Stage III melanoma (N1-3 by sentinel lymph node biopsy)
If not already performed, patients should have a whole body 18FDG-PETCT and MRI brain and molecular pathology.
Comletion lymphadectomy is not routinely offered. NICE recommends that completion lymphadenectomy if there are factors that might make recurrent nodal disease difficult to manage, or people for whom stage III adjuvant therapies are contraindicated. In addition the Alliance recognises that it may be considered where there is a large number of positive sentinel nodes and/ or extranodal extension. We note that SLNB itself may have therapeutic value.

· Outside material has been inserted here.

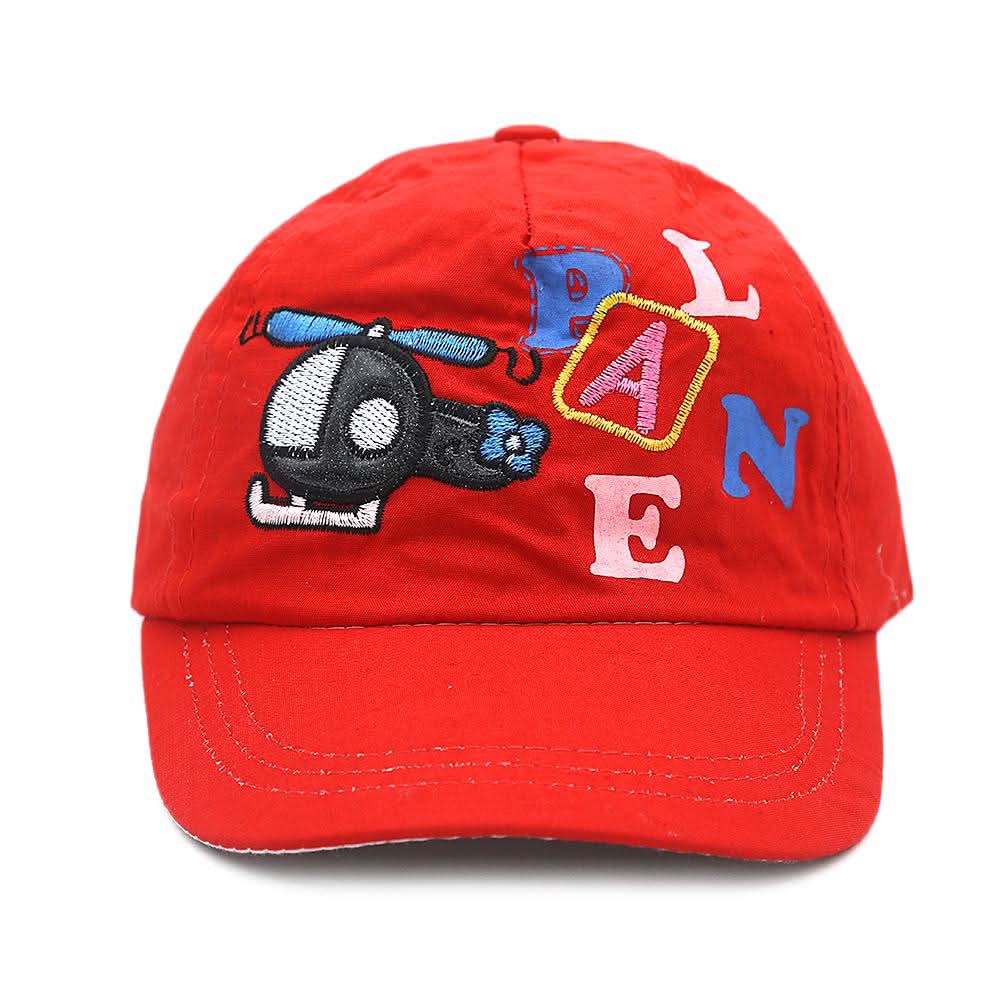 Kids P-Cap - Red, Kids, Boys Caps And Hats, Chase Value, Chase Value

Patients should be discussed at the SSMDT and, if supported by holistic case discussion, offered a referral to Oncology to discuss adjuvant medical therapy.
Stage III disease (clinical or radiological nodal N1-3)
Clinically or radiologically detected nodal involvement should be confirmed, normally by ultrasound-guided fine needle aspiration cytology. Core biopsy as an alternative is currently under review.
If not already performed, patients should have a whole body 18FDG-PETCT and MRI brain and molecular pathology.
The SSMDT will appraise the operability of the disease, which will take into account various patient- and tumour-related factors. If operable, patients should be offered complete lymph node dissection of the affected region(s).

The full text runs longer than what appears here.